A student animator strives to save the forests and push for environmental awareness with her art through social commentary about modern issues.
Sophia Mavrolas, 24, just recently began her second semester at CSUN after graduating from Antelope Valley Community College with two associate degrees. Her graduation cap paid homage to the late artist Bob Ross, with two tall evergreen trees framing the words, “I Majored in Being a Happy Little Tree.” True to the words on her graduation cap, trees and forests play a large role in Mavrolas’ life.
In 2017, President Trump reduced the size of Bears Ear National Monument by 85 percent, according to The New York Times. Mavrolas, in return, baked a tray of sugar cookies and decorated them with the words “Save The Fucking Forest.”
Spreading awareness of environmental issues has been a constant upward battle for Mavrolas.
It began with her father pushing her to recycle and instilling her with a love of nature through camping and trips to the beach. From a young age her father would tell her, “I’ve already been here, this is your world now, I’m just trying to help you.”
Through her art, Mavrolas is trying to send a similar message about taking care of the world, and all its inhabitants for future generations.
Mavrolas has always been intrigued by different cultures, especially Native American and Polynesian artwork, using them as a source of inspiration for her own work. She created an image of a Maori woman with a moko chin tattoo that is given as a rite of passage from childhood to adulthood.
Mavrolas has also used the same inspiration from indigenous people into her own character design, sketching concept art of Little Red Riding Hood as a Native American, wearing The Big Bad Wolf as a pelt. Her work is riddled with the influences of indigenous people.
In 2016 an oil pipeline was proposed to be built near the Standing Rock Indian Reservation in North Dakota. The pipeline was called the Dakota Access Pipeline but was nicknamed The Black Snake. Protesters argued that the pipeline would jeopardize the Reservation’s access to water. In 2017 the pipeline was built after an executive order from President Trump.
“Sophia Mavrolas did some marvelous artwork in my Illustration Class at Antelope Valley College in the Spring of 2017,” remembered Frank Dixon, Mavrolas’ illustration professor at Antelope Valley Community College, in an email. “She beautifully drew and painted a variety of illustrations that included, women and a giant snake.”
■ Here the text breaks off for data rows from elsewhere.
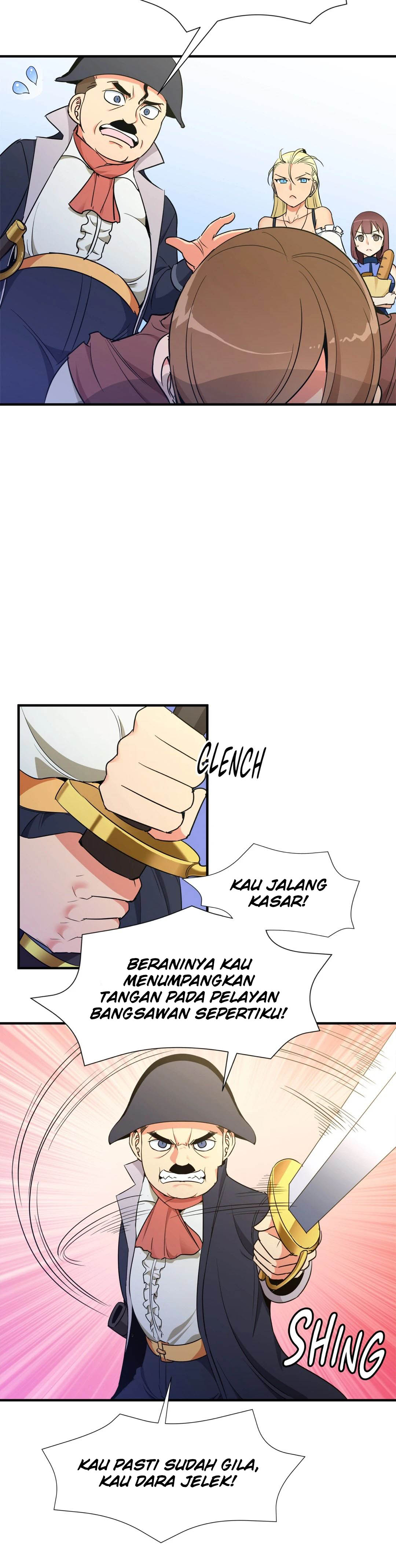 Rise and Shine, Hero! - Chapter 36 18 Rise and Shine, Hero! - Chapter 36 18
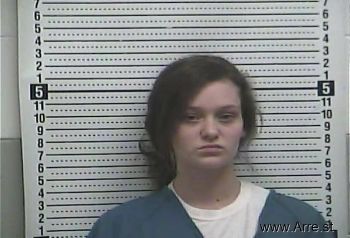 Brianna S Gilley Mugshot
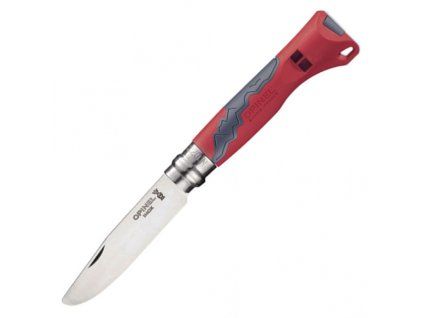 Opinel Outdoor Junior Rosso dětský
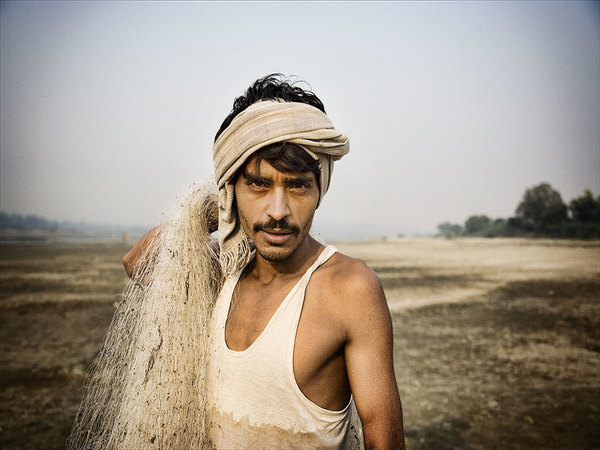  ఒక జాలరు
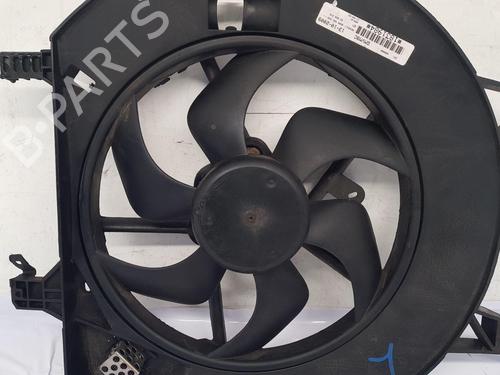 Radiator fan RENAULT TRAFIC II Van (FL) 2.0 dCi 115 (FL01, FL0U, FL00, FL0H, FL0M) | BP31574595M35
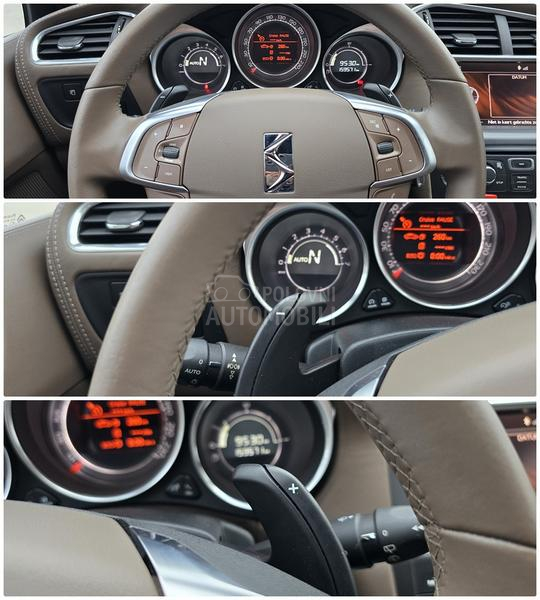 Citroen DS4 1.6 hdi SO CHIC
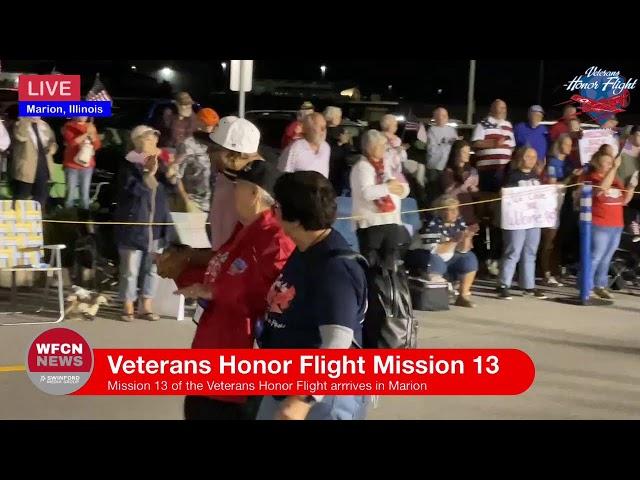 Veterans Honor Flight of SIL Mission 13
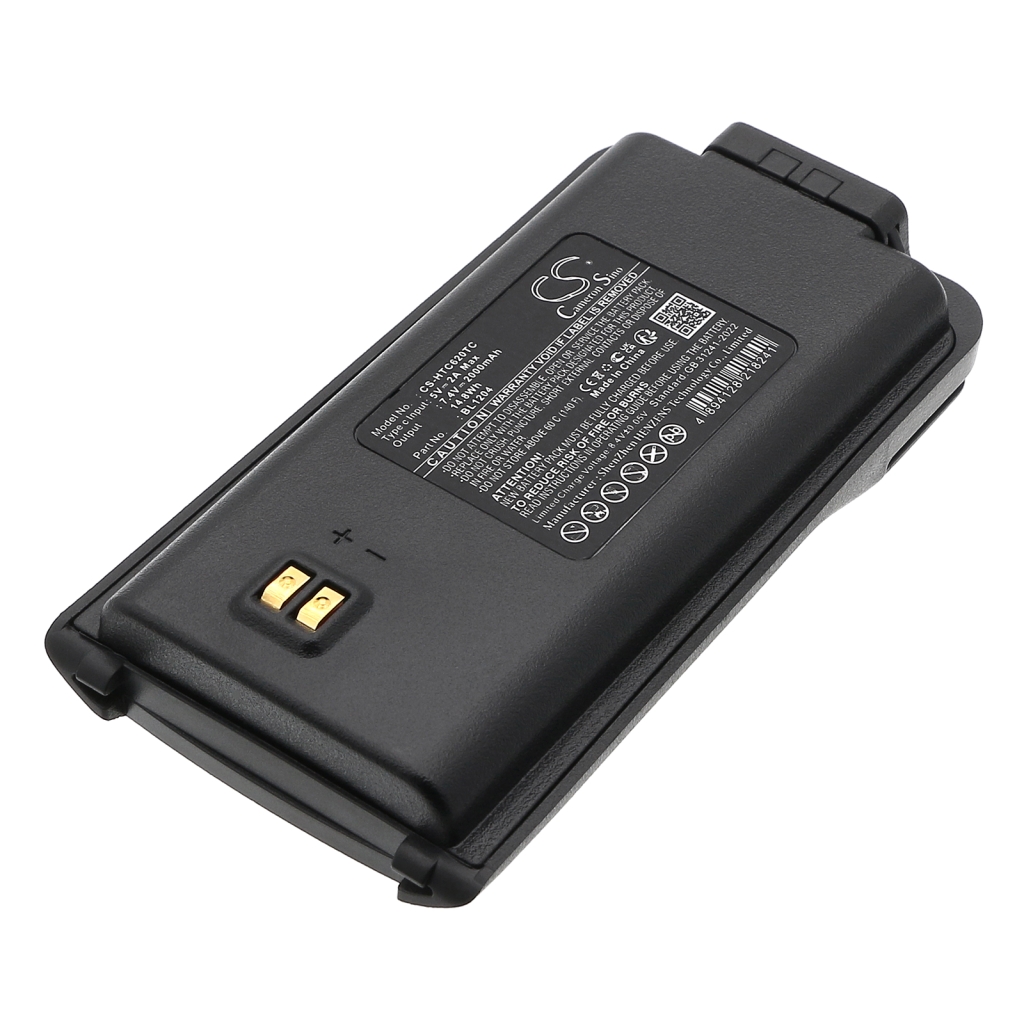 Two-Way Radio Battery HYT CS-HTC620TC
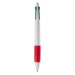 Stylo bille 4 couleurs, stylo 4 couleurs promotional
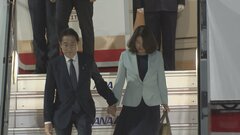 【速報】岸田総理がフィリピン・マレーシア外遊から帰国　来月には日ASEAN特別首脳会議開催へ| TBS CROSS DIG with Bloomberg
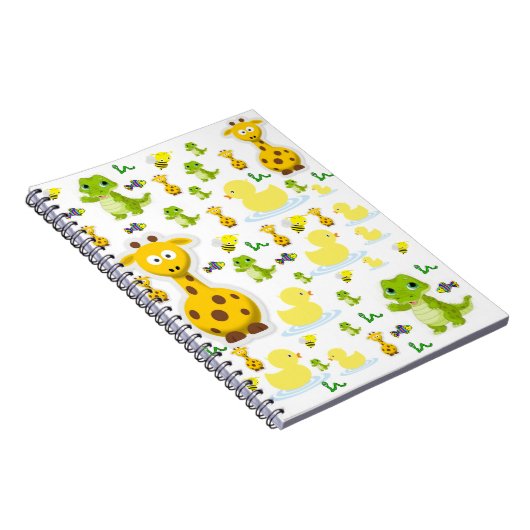 Cahier (Côté Droit)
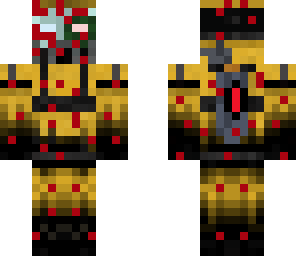 hazmat zombie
In response to the Dakota Access Pipeline being built, Mavrolas again illustrated a piece. Using watercolors, she painted a Native American woman, standing in water, with a black snake and the words, “Kill The Black Snake,” referring to the pipeline, and the words “Mni Wiconi” on her lower back, meaning “Water is life,” in the Lakota language.
What Mavrolas is most well known for, however, may be her depictions of mermaids. She has created a number of pieces illustrating the fictional sea creatures covered in trash and garbage, in order to get people to think about what they are putting into the oceans.
One of the first pieces that gained a large amount of traction was a blue-tailed mermaid, with her red wavy hair covered in litter, nets and all sorts of debris in her hair with the caption, “Pollution Makes Bad Hair Days.”
Mavrolas did a series of works featuring the mermaids, wanting people to “think beyond yourselves, there may not be mermaids living in the ocean but like my dad says, ‘There is only one world and it’s your world so try and keep it clean, don’t be selfish.’”
“Don’t be a jerk and litter, be kind and take care of the world,” said Mavrolas.
Other mermaid illustrations that hammer in the same message include one beached ashore covered in black oil, being surrounded by litter while choking on plastic can packaging and being caught in fishing nets.
Mavrolas got picked up to work designing backgrounds on a short film that will soon appear on Amazon.